Sam Vara wrote: ↑Sun Nov 04, 2018 3:26 pm
chownah wrote: ↑Sun Nov 04, 2018 12:01 pm
Sam Vara wrote: ↑Sat Nov 03, 2018 12:01 pm
Specifically, having control is a sufficient and necessary condition for having a self, in the context within which the Buddha was talking.
I chuckled when I read this......it is sort of funny to see someone state a necessary and sufficient condition for something which does not exist!!!!!!
chownah
Agreed! But that's the point: if a thing exists, then it has
that. But it doesn't have
that, so it doesn't exist.
When the Buddha was asked by the wanderer Vacchagotta (SN44.10) whether or not a self did exist, the Buddha didn’t reply. Later on when asked by the venerable Ananda on why he kept silent, the Buddha explained:
If I had answered that there is a self it would be siding with eternalists.
And answering that there is no self would be siding with annihilationists.
And if I had answered that there is a self, would this be consistent with the insight: “All things are not-self”? [Ananda] No, Bhante.
And if I had answered that there is no self, the wanderer Vacchagotta would have become even more confused thinking: “The self I used to have now suddenly does not exists”.
Some conclude that the last part means that there is no self (doesn’t exist) and that the Buddha didn’t explain that to Vacchagotta who would otherwise become even more confused.
There are a few problems with this interpretation. For one (found close by) it would be siding with the annihilationists, which was already tackled in the first place.
That ‘All things are not-self’ would be correct for those holding the view ‘there is no self’ as well (They might think ‘All things are not-self’
because there is no self). But unlike the view ‘there is a self’, there is consistency. Because of this consistency, the inconsistency card could here not be played. But this does not mean, not even logically, that things are not-self
only in the case of no self. What can correctly be said is things are not-self when things are not-self, or that things which are depended are thus not-self, etc.
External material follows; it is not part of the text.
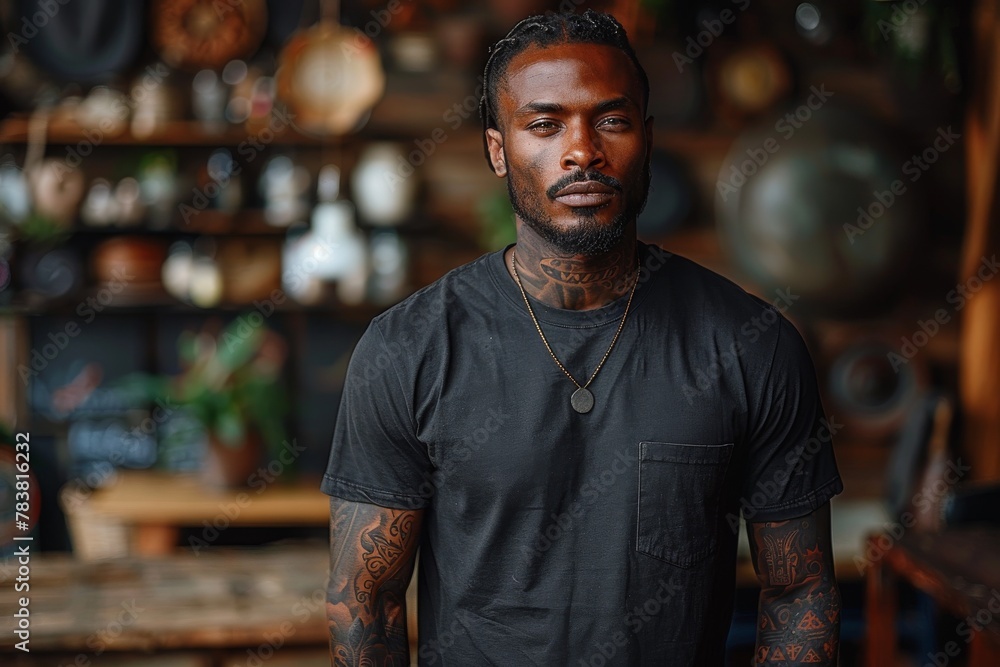Portrait of a heavily tattooed man with a contemplative gaze, suggesting depth and personal story Portrait of a heavily tattooed man with a contemplative gaze, suggesting depth and personal story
If all things are not self, or if (no)thing is self, a distorted conclusion would be that a self is not. So “I” too would have no self. But then we got the situation that there must be a self (“I”) in order to have no self. And so “The self I used to have now suddenly does not exists” would then be the logical conclusion for Vacchagotta.
Although confused Vacchagotta was not stupid. There are more sermons of him asking questions related to this, so we can see that he was inquiring, studying, seeing that what the Buddha and his disciples explained was consistent; so he was trying to understand what they were aiming at. And successful too, later he did became one of the arahants.
What was the question?
“And if I had answered that there is no self, the wanderer Vacchagotta would have become even more confused…”
This seem to be (mis)understood as a potential valid answer to which Vacchagotta was just not ready. But it may depends a bit on how we interpreted Ananda’s question. Ananda would have know that these closed questions were based on Wrong View. And that the Buddha was silent because answering them would not be conducive to the end of suffering. So the question could be interpreted as how (in what manner) these views were not conducive to the end of suffering. And thus we see the Buddha explaining which problems would arise with either one of these two mutually exclusive views: Both are siding with wrong view, on top of that one is even inconsistent with what we know and the other, though consistent, would still add to the confusion.